For Steve McQueen, “Widows” director and co-screenwriter (with Gillian Flynn), the tale of the women left to clean up a debt after their husbands die in a heist is timely today — as timely as it was in the 1980s, when the story was originally told as a TV movie.

“It’s bittersweet for me,” he says. “I’m remaking a TV show that came out 30 years ago, and it’s still very prevalent. Women continue to be overlooked and deemed not capable.”

In some ways, it was ever so: “The Favourite” goes 300 years back to the reign of Queen Anne of England to tell its story of Anne, her intimate adviser Lady Marlborough and the young woman who comes between them. And it’s the male politicians jockeying for power behind the scenes who bear the brunt of the satire.

“There’s a comicness to their desperation,” says screenwriter Tony McNamara of the male antagonists. “They’re trying a bit too hard and struggling because it’s so hard for them to accept that they are not in power. In part, it’s about how they deal with that.”

Writing the men as antagonists in these stories could be tricky, because to make them monstrous would have made the women’s stories less emotionally effective.

“It was a real change to make you understand what their marriage was about,” says Westmoreland about his titular character, Colette, and her husband, Willy, who put his name on her works. “It’s important to understand the hold men have over women isn’t just cultural; it’s personal, emotional and sexual.”

“I have great empathy for the character of Joe Castleman,” says “Wife” screenwriter Jane Anderson. She also scripted an antagonist that assumed the talent of his significant other, but ensured that the audience understood how his wife, Joan, was complicit in that deception. “I can empathize with what it feels like to have a passion for writing; to be brilliant but have no talent. It’s tragic.”

Yet for the father-daughter relationship in “Leave No Trace,” the obstacles dad Will imposes on daughter Tom are not meant to hinder her existence in the world. As director and co-screenwriter (with Anne Rosellini) Debra Granik says, it’s about Tom’s coming of age and deciding to live within the world, rather than hiding out in the wild.

“Cleaving yourself from someone who has been the core person that you’ve interacted with and learned from, that’s a very intense and charged thing,” she says. “We need positive examples of when men are invested in women’s success; we have so many examples of when that’s not happening.”

Though no one could have expected the ongoing cultural importance of #MeToo when any of these films were first being made, there’s a good chance they’ll have a more far-reaching impact in theaters because of the discussions being had today.

“It’s a bit overdue,” says Arash Amel, screenwriter of “A Private War,” about war correspondent Marie Colvin. “Cultural shifts don’t necessarily happen when they need to happen — so writers need to be there to write these stories.
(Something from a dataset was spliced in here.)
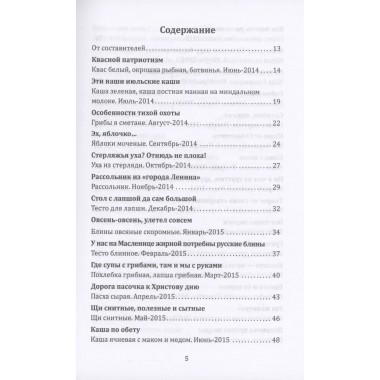 Книга о русской здоровой пище. Рецепты от Максима Сырникова. Сырников М.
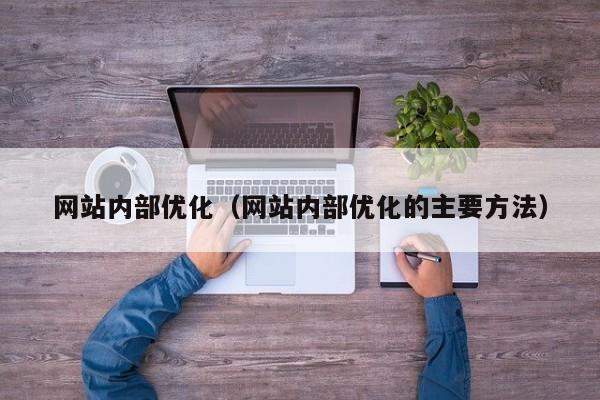 网站内部优化（网站内部优化的主要方法）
The dam has started to crack and crumble, so hopefully we’ll see more like this.”

Anderson certainly feels hopeful. She can still remember working on “Wife” as far back as 2004, when agents insisted their male clients would never take the role — though producers believed she could get it made if it was called “The Husband.”

“I was even called a man-hater,” she recalls. “It makes me weep to think of the assumptions that were made of me as a writer, when I was just writing a really interesting drama.”
But, she adds, there is always hope, as evidenced by the fact that “Wife” is now a critically acclaimed awards season contender.

“If I get to send out any message to a fellow writer, man or woman, it’s that your voice will be heard eventually,” she says. “It may take many years, but it will happen. Your story will be told.”